"""
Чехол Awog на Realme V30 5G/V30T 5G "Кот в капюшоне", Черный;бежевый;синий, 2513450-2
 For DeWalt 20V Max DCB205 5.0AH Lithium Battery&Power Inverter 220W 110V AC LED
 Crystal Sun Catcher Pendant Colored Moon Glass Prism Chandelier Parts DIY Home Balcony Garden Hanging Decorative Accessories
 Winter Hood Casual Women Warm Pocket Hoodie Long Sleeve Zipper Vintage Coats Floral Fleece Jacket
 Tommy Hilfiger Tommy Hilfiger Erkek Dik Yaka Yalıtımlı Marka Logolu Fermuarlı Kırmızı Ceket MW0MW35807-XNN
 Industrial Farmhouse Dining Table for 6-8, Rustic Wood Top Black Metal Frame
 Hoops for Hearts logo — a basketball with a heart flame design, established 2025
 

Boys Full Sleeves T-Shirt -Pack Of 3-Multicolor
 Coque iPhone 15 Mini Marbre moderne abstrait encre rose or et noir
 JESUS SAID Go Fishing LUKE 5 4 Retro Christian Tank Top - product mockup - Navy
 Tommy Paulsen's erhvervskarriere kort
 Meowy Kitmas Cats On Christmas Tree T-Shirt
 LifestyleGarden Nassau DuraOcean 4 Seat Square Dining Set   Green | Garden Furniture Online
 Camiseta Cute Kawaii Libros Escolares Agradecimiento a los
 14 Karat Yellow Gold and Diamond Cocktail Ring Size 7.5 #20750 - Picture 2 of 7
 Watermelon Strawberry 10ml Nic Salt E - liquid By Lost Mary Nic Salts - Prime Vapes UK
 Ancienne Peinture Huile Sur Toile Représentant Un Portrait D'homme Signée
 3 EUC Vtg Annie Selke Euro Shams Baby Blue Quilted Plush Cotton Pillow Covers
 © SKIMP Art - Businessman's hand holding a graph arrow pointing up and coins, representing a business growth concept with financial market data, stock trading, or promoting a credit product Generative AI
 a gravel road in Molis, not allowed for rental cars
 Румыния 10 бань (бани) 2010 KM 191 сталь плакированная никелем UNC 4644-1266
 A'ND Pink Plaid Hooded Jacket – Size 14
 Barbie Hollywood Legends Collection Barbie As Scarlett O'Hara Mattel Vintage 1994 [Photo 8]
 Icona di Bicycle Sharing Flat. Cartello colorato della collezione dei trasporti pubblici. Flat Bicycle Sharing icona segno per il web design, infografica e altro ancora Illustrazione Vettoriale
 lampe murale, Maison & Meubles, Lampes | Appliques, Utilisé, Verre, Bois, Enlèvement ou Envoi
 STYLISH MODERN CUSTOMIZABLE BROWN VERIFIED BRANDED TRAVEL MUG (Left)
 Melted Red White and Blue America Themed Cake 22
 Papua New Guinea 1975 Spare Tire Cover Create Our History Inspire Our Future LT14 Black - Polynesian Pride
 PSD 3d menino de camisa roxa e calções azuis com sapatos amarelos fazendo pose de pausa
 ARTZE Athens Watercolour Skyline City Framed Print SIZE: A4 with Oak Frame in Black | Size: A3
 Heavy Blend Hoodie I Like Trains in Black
"""
[Task item] Produce only the lines from the line containing "LifestyleGarden Nassau DuraOcean" through the line containing "14 Karat Yellow", inclusive of both, exactly as they stand in the entries above.

[Output]
 LifestyleGarden Nassau DuraOcean 4 Seat Square Dining Set   Green | Garden Furniture Online
 Camiseta Cute Kawaii Libros Escolares Agradecimiento a los
 14 Karat Yellow Gold and Diamond Cocktail Ring Size 7.5 #20750 - Picture 2 of 7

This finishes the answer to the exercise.